Queensland’s Liberal National party says it will have two women controlling the state’s economic leavers and bring back the state’s productivity commission if it wins government.

The opposition leader, David Crisafulli, used his budget reply to announce policies aimed at closing the gender pay gap, increasing women’s workforce participation and lifting economic productivity.

Crisafulli has promised to appoint a woman as minister for women’s economic security and another as either treasurer or finance minister.

He said they would develop policies to get more women into work and reduce Queensland’s gender pay gap, which is 15.6% and the second-largest in the country.

“Too often, these statements – to be safe, to be respected, to be equal … which should be unquestionable, are questioned, ridiculed or given lip service,” Crisafulli told parliament on Thursday.

“I can’t speak on the experience of disappointment, frustration, hurt and anger this can cause for women.

“But my hope is to be premier of this state. And that means I want to lead all Queenslanders, men and women, to a future that is safe, fair, respectful and full of hope for everyone.”

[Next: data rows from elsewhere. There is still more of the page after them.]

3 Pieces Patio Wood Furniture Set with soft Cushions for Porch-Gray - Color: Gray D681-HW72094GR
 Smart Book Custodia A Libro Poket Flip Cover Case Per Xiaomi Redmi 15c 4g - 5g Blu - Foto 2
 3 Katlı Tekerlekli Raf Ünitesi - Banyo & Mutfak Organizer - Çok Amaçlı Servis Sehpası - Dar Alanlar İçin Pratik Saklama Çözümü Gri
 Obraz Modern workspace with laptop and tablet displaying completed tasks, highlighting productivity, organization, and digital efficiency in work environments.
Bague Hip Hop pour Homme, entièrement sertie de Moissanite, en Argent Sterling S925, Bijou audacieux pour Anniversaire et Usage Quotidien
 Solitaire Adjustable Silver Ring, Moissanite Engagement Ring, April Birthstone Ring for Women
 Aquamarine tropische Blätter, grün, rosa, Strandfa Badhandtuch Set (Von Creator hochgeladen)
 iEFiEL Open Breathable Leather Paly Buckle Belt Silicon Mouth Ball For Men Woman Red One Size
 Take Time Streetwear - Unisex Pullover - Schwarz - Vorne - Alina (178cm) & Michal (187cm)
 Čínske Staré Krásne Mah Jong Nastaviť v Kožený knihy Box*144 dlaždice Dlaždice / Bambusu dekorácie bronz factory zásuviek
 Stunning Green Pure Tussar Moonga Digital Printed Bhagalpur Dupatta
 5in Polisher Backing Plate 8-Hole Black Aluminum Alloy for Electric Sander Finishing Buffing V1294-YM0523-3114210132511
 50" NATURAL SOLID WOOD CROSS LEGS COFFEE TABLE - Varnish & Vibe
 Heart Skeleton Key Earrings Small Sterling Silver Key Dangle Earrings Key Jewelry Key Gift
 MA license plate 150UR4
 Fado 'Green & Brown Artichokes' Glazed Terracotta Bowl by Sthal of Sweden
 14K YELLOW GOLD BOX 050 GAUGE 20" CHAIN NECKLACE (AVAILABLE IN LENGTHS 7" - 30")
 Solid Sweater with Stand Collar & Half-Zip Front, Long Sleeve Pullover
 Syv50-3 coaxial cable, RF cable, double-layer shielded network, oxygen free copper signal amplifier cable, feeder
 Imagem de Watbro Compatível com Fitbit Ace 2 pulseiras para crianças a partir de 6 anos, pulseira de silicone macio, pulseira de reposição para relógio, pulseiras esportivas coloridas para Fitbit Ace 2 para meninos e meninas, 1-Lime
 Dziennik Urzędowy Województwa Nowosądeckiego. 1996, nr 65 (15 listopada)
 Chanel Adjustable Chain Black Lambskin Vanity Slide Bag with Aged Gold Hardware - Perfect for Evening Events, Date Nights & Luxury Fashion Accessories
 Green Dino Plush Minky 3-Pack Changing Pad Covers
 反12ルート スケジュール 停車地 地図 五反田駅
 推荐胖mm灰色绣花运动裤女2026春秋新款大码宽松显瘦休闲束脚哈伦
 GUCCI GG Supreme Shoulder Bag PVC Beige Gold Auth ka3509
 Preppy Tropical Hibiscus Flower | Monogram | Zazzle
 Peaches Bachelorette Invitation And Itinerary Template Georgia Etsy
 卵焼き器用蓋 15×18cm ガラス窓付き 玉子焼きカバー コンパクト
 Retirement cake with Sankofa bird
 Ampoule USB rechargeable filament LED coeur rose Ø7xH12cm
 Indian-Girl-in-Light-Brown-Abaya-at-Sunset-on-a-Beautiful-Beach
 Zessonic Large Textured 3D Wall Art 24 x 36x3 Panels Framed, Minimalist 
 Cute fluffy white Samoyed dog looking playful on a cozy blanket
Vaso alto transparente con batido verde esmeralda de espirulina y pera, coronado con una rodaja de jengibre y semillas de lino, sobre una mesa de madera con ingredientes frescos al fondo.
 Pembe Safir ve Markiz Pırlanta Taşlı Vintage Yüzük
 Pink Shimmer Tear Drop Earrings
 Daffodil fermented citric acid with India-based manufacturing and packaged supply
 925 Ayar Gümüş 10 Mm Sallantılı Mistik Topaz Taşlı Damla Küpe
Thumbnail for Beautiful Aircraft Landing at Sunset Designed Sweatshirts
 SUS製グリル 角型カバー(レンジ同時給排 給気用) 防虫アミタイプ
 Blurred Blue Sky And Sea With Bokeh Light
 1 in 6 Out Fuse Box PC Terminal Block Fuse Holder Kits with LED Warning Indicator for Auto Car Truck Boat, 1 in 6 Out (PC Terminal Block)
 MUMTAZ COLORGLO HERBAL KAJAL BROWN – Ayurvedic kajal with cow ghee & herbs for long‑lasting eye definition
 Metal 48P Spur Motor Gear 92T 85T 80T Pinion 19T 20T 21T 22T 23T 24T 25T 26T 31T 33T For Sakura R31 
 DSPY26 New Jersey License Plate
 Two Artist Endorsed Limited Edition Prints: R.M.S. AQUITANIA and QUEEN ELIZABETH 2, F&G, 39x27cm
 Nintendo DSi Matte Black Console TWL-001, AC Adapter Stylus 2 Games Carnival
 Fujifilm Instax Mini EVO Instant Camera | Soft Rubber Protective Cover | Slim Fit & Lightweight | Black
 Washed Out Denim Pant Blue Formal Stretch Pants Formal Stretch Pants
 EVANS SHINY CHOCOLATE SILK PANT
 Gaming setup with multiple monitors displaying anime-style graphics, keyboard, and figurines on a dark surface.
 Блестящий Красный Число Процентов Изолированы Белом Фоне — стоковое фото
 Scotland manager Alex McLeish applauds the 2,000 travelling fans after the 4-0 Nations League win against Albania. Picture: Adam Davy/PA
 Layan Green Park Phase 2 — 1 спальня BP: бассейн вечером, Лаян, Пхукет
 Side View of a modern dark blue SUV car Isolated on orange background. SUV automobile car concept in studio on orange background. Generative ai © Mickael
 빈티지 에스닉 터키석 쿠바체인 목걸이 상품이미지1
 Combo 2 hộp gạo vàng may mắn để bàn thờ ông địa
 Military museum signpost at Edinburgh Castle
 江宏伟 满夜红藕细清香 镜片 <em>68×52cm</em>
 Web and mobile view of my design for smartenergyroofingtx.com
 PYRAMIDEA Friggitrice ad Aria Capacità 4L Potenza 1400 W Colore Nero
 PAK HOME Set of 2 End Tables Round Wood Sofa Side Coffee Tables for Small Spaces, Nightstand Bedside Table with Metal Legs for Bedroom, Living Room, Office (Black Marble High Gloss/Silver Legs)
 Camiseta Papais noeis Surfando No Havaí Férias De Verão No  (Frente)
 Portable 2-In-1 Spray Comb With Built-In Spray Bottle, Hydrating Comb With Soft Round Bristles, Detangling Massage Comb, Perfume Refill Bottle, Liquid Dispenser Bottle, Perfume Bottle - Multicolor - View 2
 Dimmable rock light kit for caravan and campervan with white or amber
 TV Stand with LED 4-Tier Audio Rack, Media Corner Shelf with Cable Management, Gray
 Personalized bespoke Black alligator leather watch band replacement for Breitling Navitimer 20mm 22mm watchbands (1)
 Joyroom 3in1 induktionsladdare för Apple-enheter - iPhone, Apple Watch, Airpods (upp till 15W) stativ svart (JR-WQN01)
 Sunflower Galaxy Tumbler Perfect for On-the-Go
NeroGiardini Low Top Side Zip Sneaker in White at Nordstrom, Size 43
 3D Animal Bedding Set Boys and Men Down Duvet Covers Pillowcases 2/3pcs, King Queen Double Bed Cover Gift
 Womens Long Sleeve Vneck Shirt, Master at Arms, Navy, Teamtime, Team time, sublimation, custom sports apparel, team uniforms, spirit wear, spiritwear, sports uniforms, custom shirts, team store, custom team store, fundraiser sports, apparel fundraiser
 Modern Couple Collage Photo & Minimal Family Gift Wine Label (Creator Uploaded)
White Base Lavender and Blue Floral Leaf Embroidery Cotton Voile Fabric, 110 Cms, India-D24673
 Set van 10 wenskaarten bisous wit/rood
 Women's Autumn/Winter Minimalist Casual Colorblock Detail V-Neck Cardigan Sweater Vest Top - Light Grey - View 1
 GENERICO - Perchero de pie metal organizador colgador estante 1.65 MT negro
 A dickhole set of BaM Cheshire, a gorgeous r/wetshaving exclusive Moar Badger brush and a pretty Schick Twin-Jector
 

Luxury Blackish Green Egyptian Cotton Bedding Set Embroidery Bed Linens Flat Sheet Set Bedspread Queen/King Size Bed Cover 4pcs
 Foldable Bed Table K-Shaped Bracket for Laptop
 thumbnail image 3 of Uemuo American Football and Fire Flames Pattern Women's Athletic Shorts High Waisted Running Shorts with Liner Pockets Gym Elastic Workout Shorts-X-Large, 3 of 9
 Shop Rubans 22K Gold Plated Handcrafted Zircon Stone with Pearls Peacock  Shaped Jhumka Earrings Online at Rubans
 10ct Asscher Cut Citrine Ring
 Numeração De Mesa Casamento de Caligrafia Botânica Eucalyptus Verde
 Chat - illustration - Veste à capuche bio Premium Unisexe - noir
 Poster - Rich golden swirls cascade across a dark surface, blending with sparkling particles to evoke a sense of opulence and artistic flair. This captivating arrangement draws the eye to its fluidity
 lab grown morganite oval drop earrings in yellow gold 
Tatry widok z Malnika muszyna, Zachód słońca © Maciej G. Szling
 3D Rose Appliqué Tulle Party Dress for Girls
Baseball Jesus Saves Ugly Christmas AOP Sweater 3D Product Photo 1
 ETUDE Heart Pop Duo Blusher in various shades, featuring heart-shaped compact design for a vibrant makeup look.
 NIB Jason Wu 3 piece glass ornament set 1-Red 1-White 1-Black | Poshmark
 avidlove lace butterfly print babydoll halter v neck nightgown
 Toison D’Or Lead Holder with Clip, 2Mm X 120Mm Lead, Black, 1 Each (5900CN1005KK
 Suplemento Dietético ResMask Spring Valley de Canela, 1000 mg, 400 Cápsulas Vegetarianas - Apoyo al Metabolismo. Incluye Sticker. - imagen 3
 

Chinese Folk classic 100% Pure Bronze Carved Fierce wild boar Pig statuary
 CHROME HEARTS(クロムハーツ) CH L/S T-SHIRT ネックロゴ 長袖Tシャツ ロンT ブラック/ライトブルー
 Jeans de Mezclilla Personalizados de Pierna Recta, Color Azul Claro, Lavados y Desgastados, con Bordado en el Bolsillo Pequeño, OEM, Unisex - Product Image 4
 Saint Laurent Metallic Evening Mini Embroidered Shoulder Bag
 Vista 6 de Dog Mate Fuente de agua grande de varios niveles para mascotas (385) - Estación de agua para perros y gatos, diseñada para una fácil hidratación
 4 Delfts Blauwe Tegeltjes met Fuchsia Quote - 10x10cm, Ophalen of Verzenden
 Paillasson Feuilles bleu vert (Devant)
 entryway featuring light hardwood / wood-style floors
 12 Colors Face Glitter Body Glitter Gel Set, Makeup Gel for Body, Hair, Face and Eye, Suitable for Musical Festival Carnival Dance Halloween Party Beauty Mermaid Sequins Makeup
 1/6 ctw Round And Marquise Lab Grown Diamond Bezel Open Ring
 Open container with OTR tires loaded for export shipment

He said his economic team would also develop policies to allow more women to enter the workforce, such as supporting businesses to offer flexible working arrangements to staff.

The LNP’s treasury spokesperson, David Janetzki, also promised to restore Queensland’s Productivity Commission as a standalone agency.

Janetzki said the body, which was last year merged into Treasury to save money, was vital when the prices of every day items are likely to stay high.

“The re-established Productivity Commission will tackle the challenges of growing Queensland’s economic prosperity and what can be done to manage cost of living pressures,” he told parliament.

Crisafulli also criticised the government for hiking payroll tax by 0.5% for big businesses.

“The government’s increase in payroll tax will hit the hip pocket of every Queenslander,” he said. “It will impact the costs of almost every good and service and we have to be upfront about that.”

The levy will fund a five-year $1.6bn mental health plan, but the LNP leader said the government should have known it had to spend more on mental health when it promised no new taxes during the election.

The opposition leader also warned the government’s growing debt was leaving it exposed to higher repayments as interest rates rise.

“Household budgets are already feeling the pinch of higher interest payments and the state government is no different,” Crisafaulli said.